Sometimes, we want to compute log probabilities (which are different from logits), but we want to do so "cleanly", ie, while avoiding overflow / underflow. First, mathematically figure out what the log of the softmax is (ie, take the log of eq. 2.99), and then combine it with insights from coding up the logsumexp function.
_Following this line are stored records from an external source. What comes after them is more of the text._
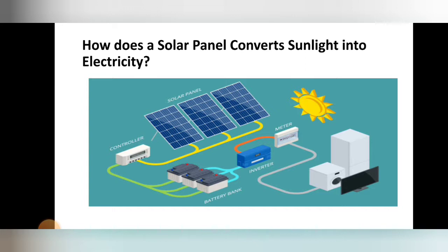The p-n junction diodes absorb photons from the sunlight and move electrons to higher energy levels. Due to that movement of electrons, holes are generated. Once holes are generated, there is a vacancy, so new electrons come in, creating a continuous flow of current. That current is direct current (DC), which is sent through a controller into the battery bank to store the DC current generated from the solar panel.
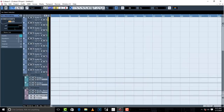Now you have two FX tracks: one is going to be for the reverb to give your vocals more room, and then you're going to have a delay just to spice up your vocals.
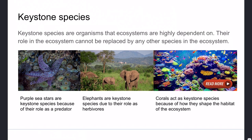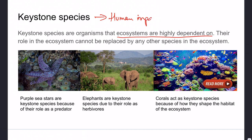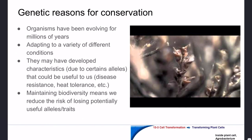A related idea is that of keystone species — organisms that ecosystems are highly dependent on, whose role cannot be replaced by other species. If humans impact a keystone species, it will have a big impact on the whole ecosystem, not just on that species.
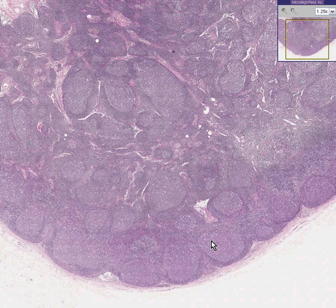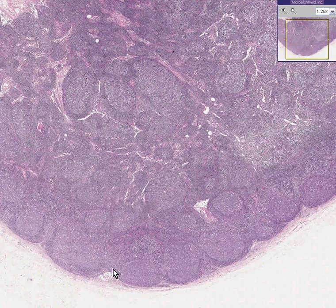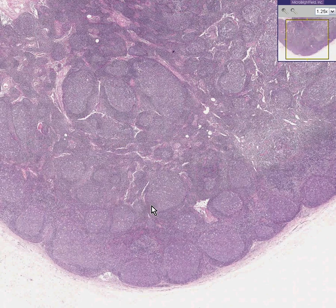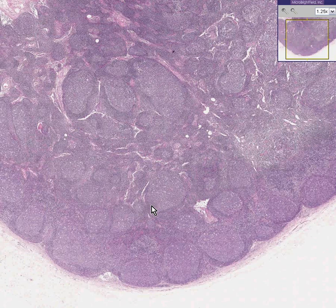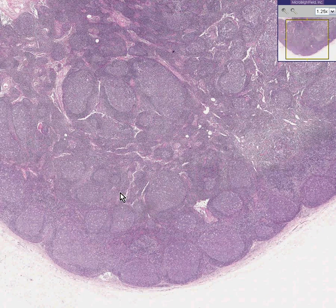This is a benign hyperplasia, or what they call a reactive lymph node, or a hyperplastic lymph node. And because it's chiefly due to follicles, this is follicular hyperplasia of a lymph node. A lymph node generally responds to inflammatory stimuli in two ways, and this is one of them — follicular hyperplasia.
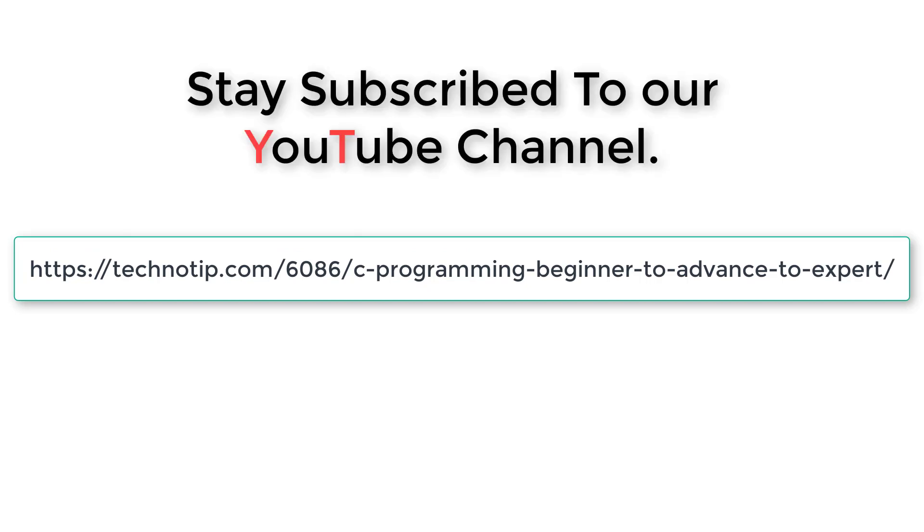Also, please share this video with your friends online and please do not forget to like this video on YouTube. Thank you.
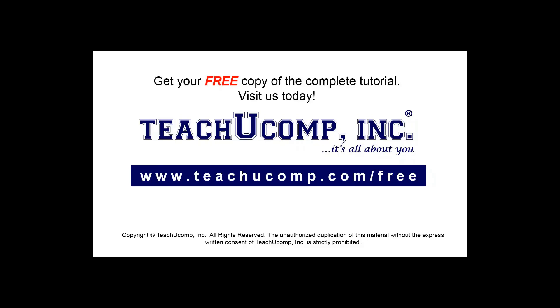Get your free copy of the complete tutorial at www.teachucomp.com forward slash free.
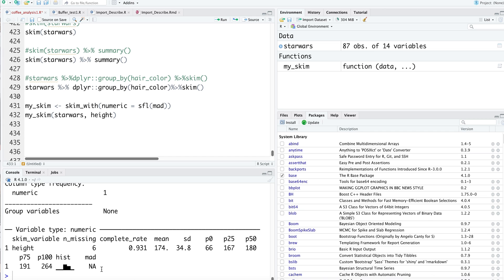We could technically compute the MAD values as well - the mean absolute deviation. This is a very robust package for assessing your data and obtaining a description of your data.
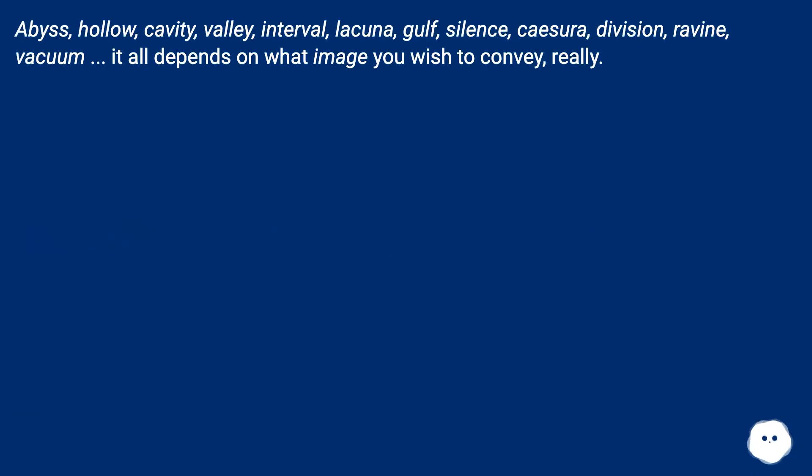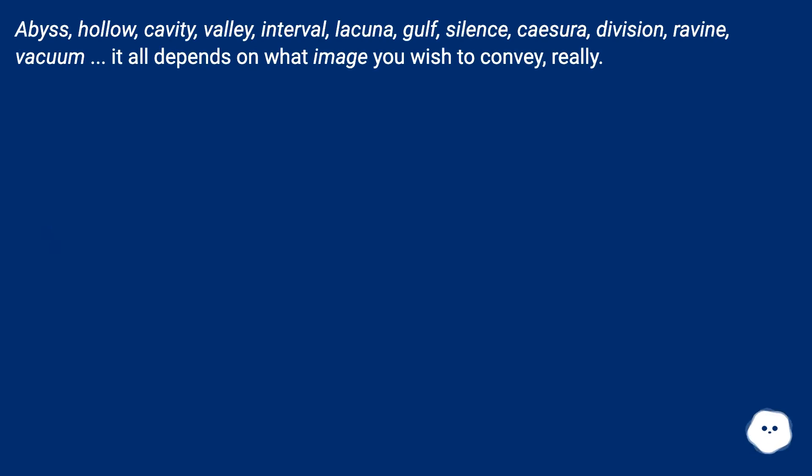Abyss, hollow, cavity, valley, interval, lacuna, gulf, silence, caesura, division, ravine, vacuum. It all depends on what image you wish to convey, really.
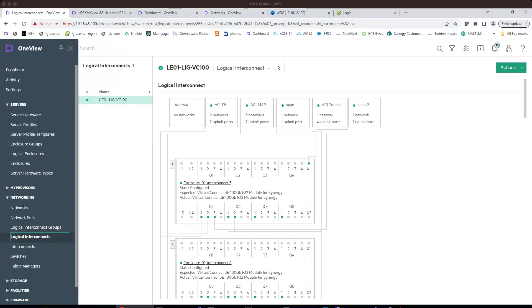Hello. In this video, we'll talk about how to configure Synergy Port Monitoring, either by local mode or remote mode.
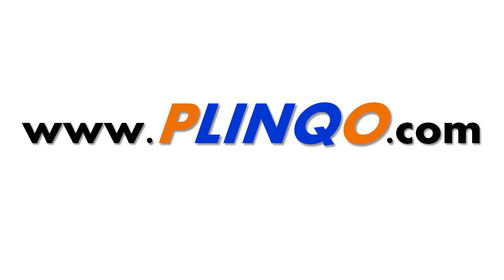That concludes this video on enum generation. We hope you found it helpful and informative. For more Plinko feature videos, please visit us at Plinko.com. My name is Tom DuPont, and thanks for using Plinko.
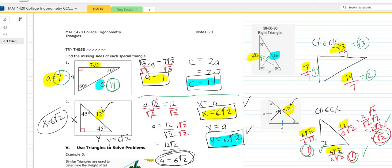Hope you enjoyed the video, and even the guitar introduction. Thank you for watching — hope this helps you understand the special triangles.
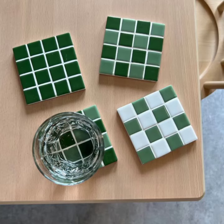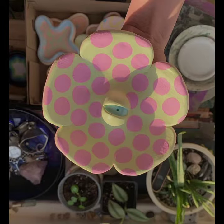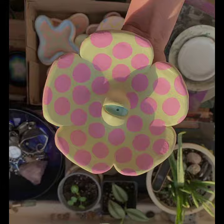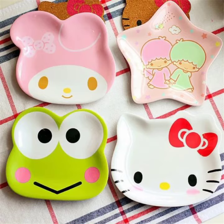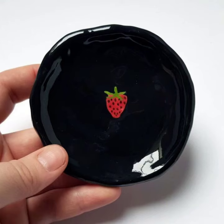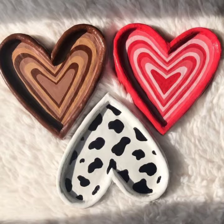Assalamu alaikum everyone and welcome to my video on ceramic coaster design ideas. In this video I will be showing you some of the many creative and stylish ways to decorate your ceramic coaster. Here are some ideas for ceramic coaster designs.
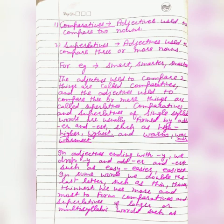Comparative and superlative forms of single syllable words are usually formed by adding -er and -est. For example: high, higher, highest — 'er' is added to make 'higher', 'est' is added to make 'highest'. Another example: warm, warmer, warmest.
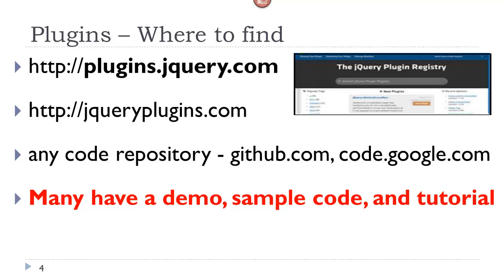Most of the time the plugin will have a demo, so you can actually see how it works. Sample code that you can use in order to learn how it works, and a tutorial or instructions so that you understand the different parameters that you can use to configure the plugin.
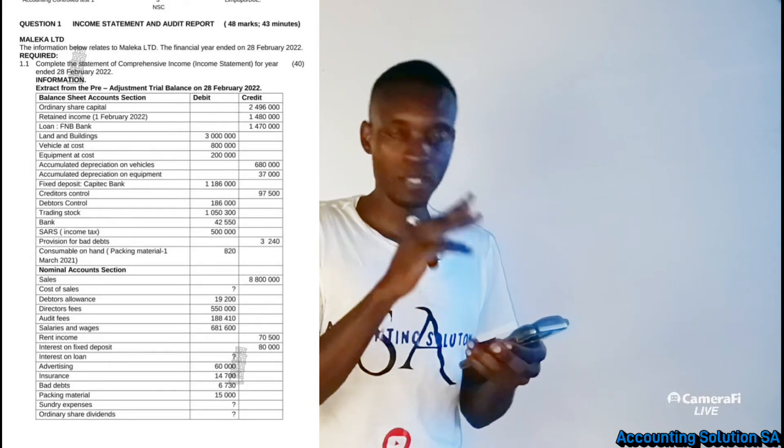In today's video I'm going to show you a transaction related to rent income. This transaction can come in many ways — rental expense, rental income, or any other expense under the income statement. During the year there may be a decrease or increase by some percentage. This question paper was a test written in Limpopo. I also did a video for the full income statement for this question paper, so please make sure you go and watch that.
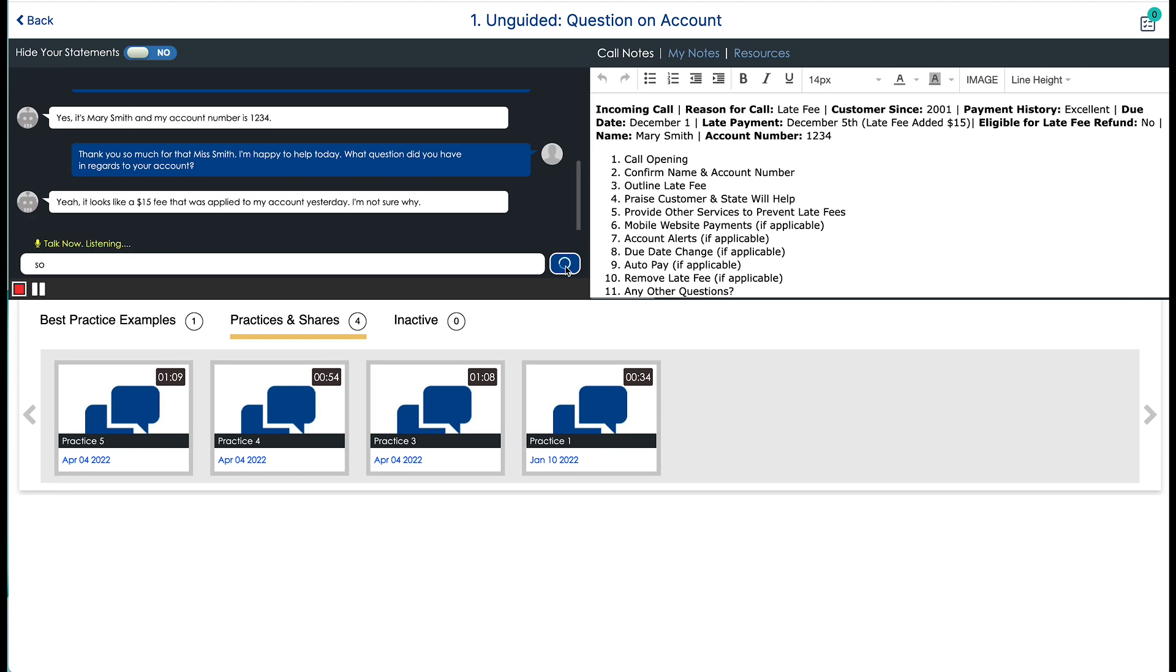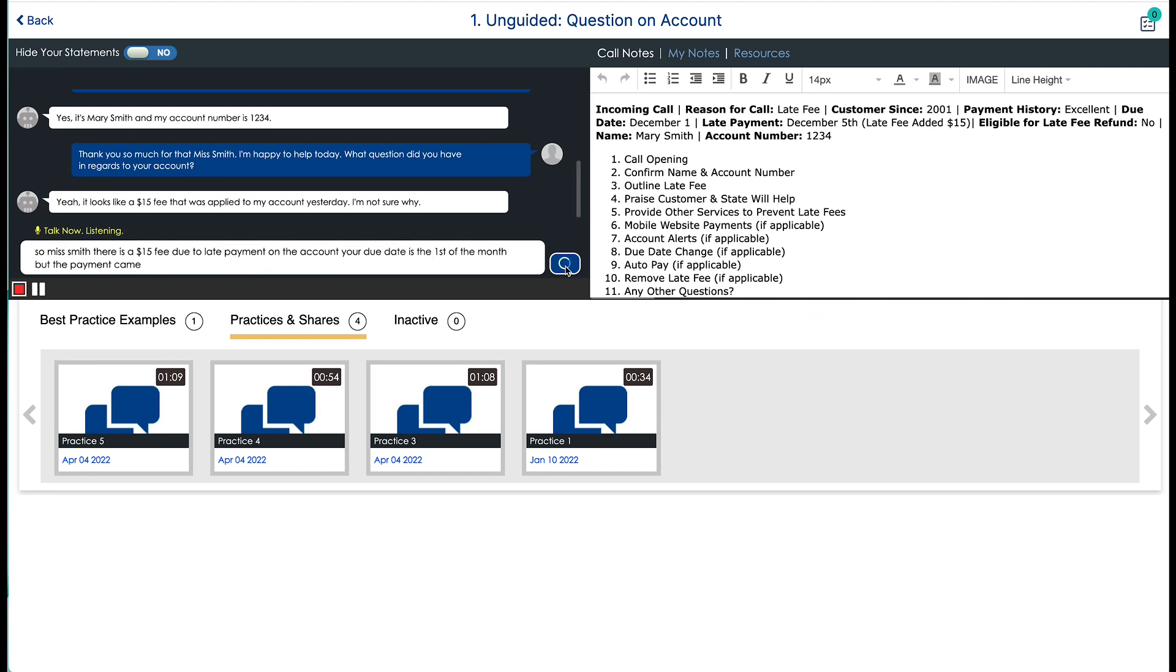So, Ms. Smith, there is a $15 fee due to late payment on the account. Your due date is the first of the month, but the payment came in on the 5th.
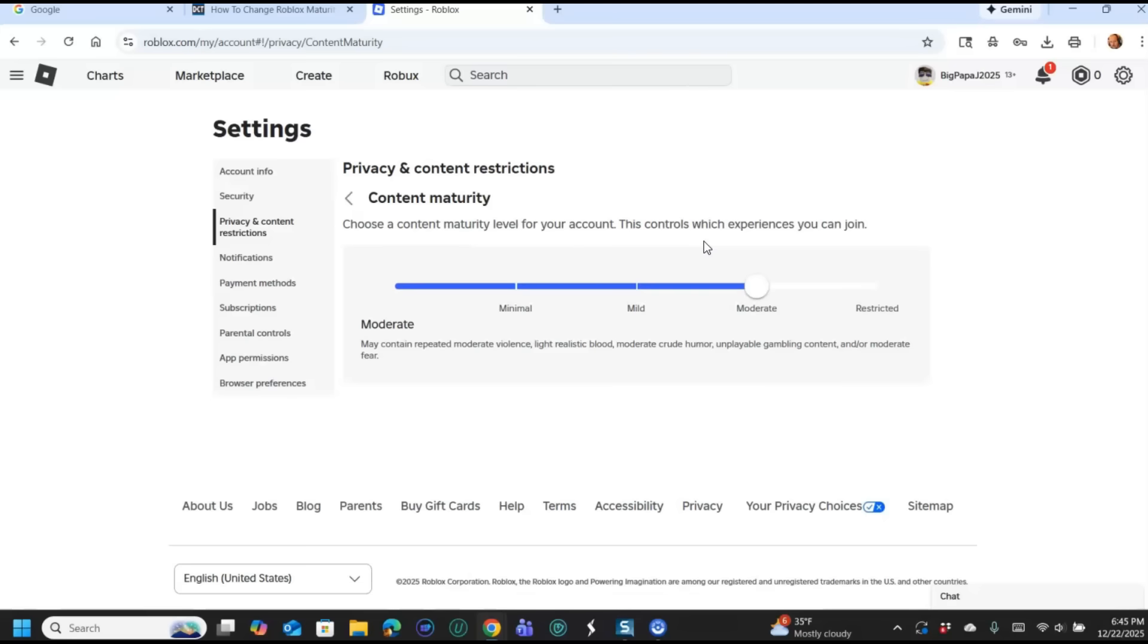So that's how you do it there. So we're going to go now onto my phone, Motorola Edge Android phone, and try it on the app, and I'll show you how to do it there.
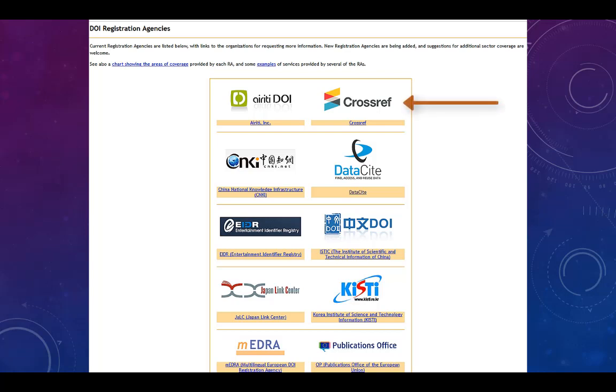Crossref is an example of a registration agency that works with scholarly publications.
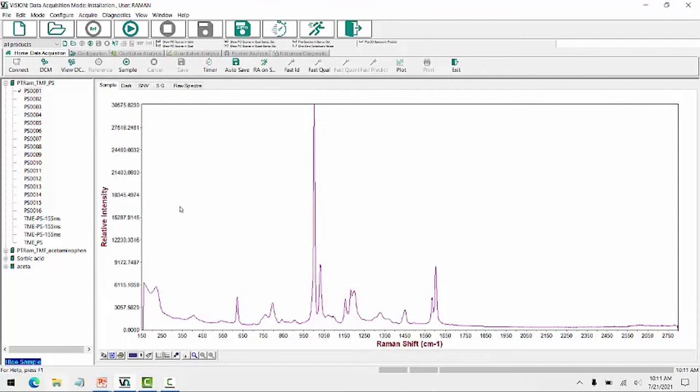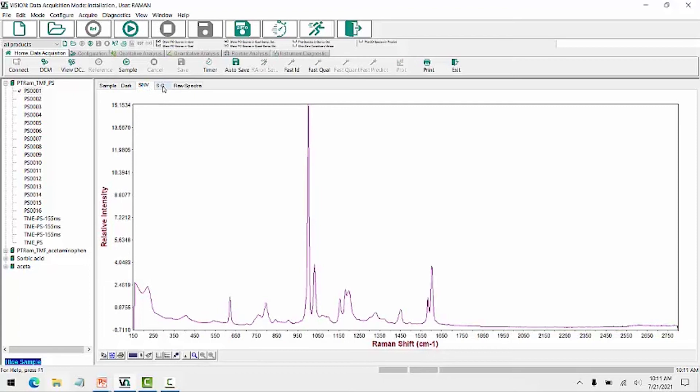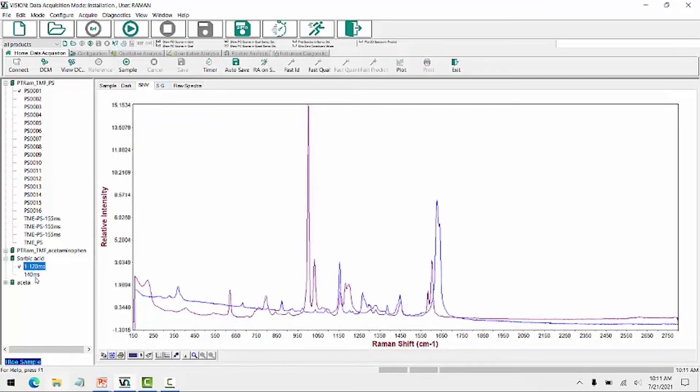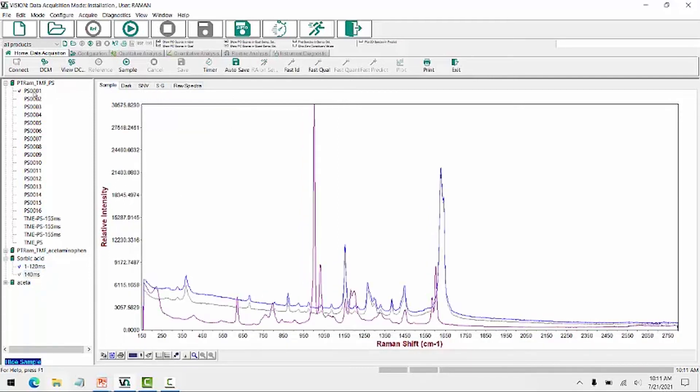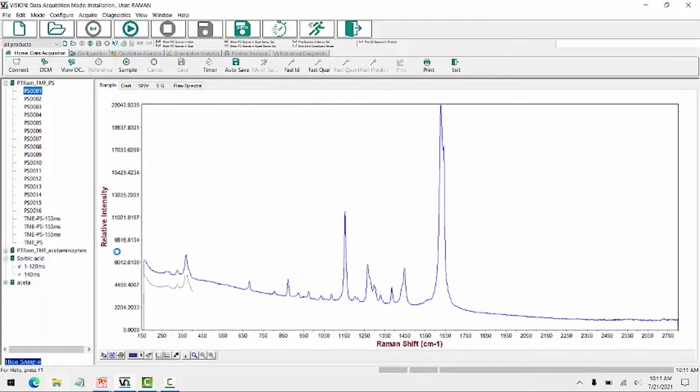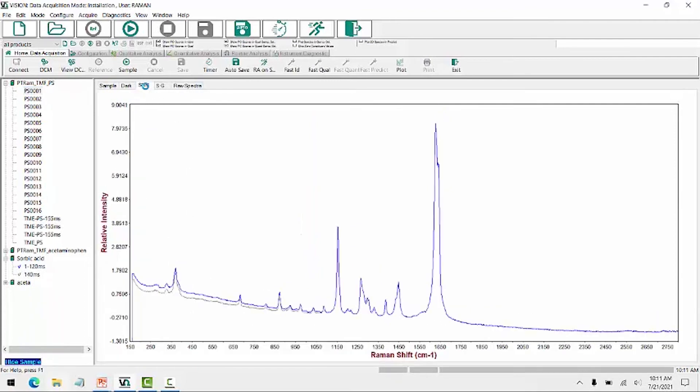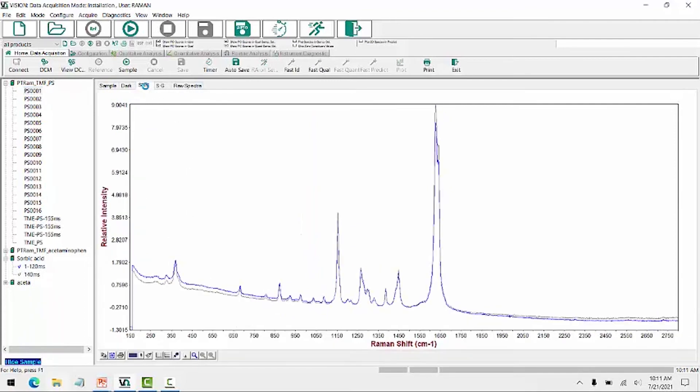When we look at Raman spectra, we often apply data preprocessing. And here I have standard normal variant and Savitzky-Golay processing selected. So we can actually overlay a few spectra here, where I have the same sample at two different integration times. Look at those as raw data. And we see when we look at the standardized, they are more closely overlaid with each other. We can also look at the derivatized data.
Hint: at the end of the day, you will simply shift each column by a per-column constant!

In [11]:
def log_logsumexp( logits ):
  # logits is a numpy matrix of d x N, where:
  # d is the number of classes
  # N is the number of samples

  LSE = logsumexp(logits)
  log_softmax = logits.copy()
  d, N = log_softmax.shape

  for data_class in range(d):
    for sample in range(N):
      log_softmax[data_class, sample] = log_softmax[data_class, sample] - LSE[data_class]

  return log_softmax


In [12]:
print(log_logsumexp(logits)[:,0])

[ -3.8079597   -4.34215254 -20.5196698 ]


---
# Part 2: Probability Fundamentals

For the following exercises, you are encouraged to work both by hand and by code, whatever makes the most sense.



## Exercise 1a: Joint Probability Distributions

You are given the following two binary variables, X and Y, that can each take on the values 0 or 1. Assuming X and Y are independent, calculate the joint probability table (2x2 table for P(X, Y)). Display as a numpy array.

P(X=0) = 0.6

P(X=1) = 0.4

P(Y=0) = 0.7

P(Y=1) = 0.3


In [13]:
X = [.6, .4]
Y = [.7, .3]

In [14]:
# Your code here
joint_prob = np.array([[X[0]*Y[0], X[0]*Y[1]], [X[1]*Y[0], X[1]*Y[1]]])
print(joint_prob)

[[0.42 0.18]
 [0.28 0.12]]


Next, compute the following conditional probabilities:

P(X=0|Y=0) = ?

P(X=0|Y=1) = ?

P(Y=0|X=0) = ?

P(Y=0|X=1) = ?

In [15]:
# Your code here
def con_prob(event, given):
    return round((event / given), 3)

px = joint_prob.sum(axis=1)
py = joint_prob.sum(axis=0)

first_x0y0 = con_prob(joint_prob[0,0], py[0])
first_x0y1 = con_prob(joint_prob[0,1], py[1])
first_y0x0 = con_prob(joint_prob[0,0], px[0])
first_y0x1 = con_prob(joint_prob[1,0], px[1])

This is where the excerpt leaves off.